[ASSIGNMENT] Return all of the data below verbatim and exclude every picture.

==== DATA EXCERPT ====

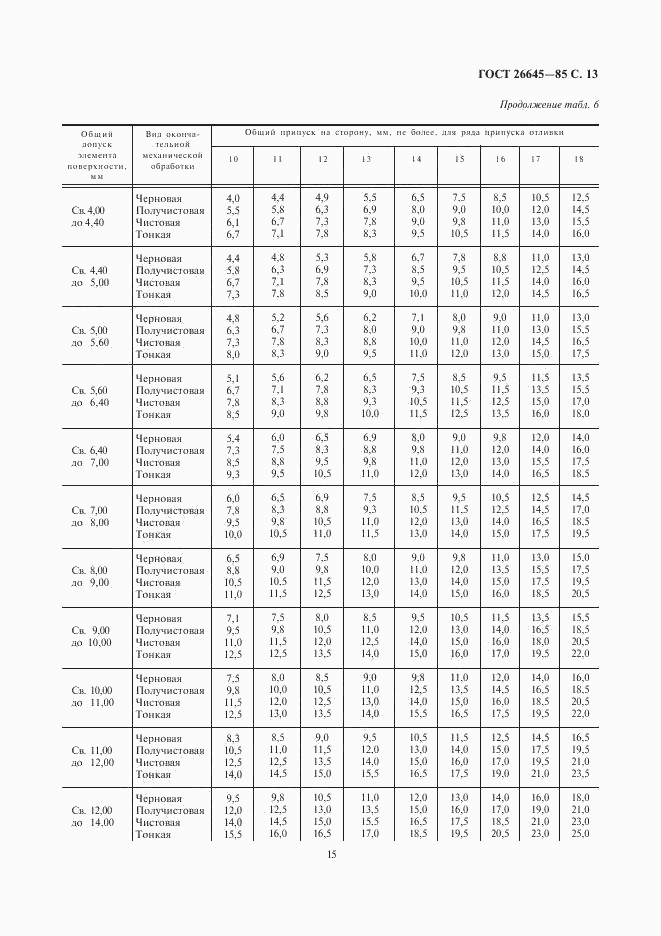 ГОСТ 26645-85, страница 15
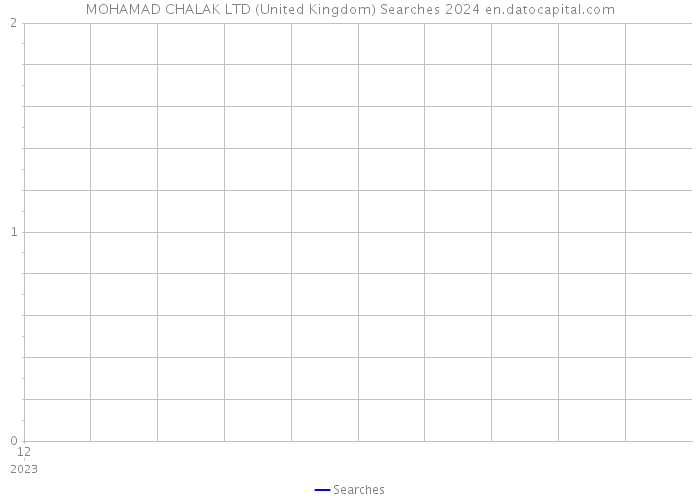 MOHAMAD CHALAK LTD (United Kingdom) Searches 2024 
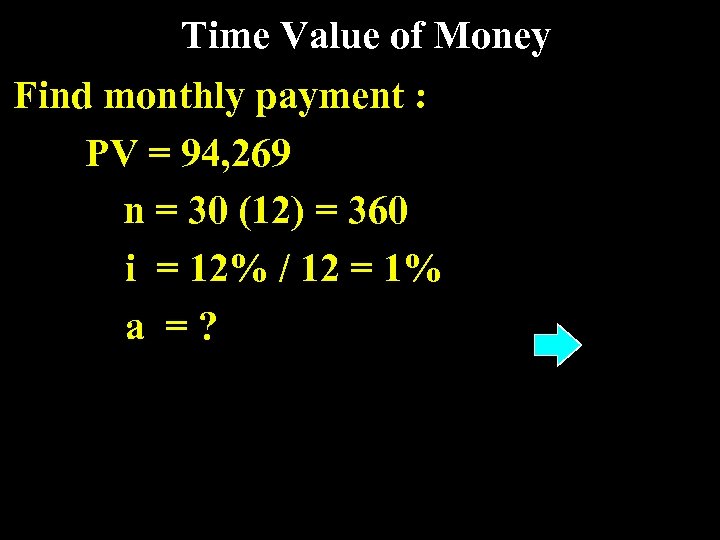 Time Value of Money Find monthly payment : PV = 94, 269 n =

====

[TASK RESPONSE]
 ГОСТ 26645-85, страница 15
 MOHAMAD CHALAK LTD (United Kingdom) Searches 2024 
 Time Value of Money Find monthly payment : PV = 94, 269 n =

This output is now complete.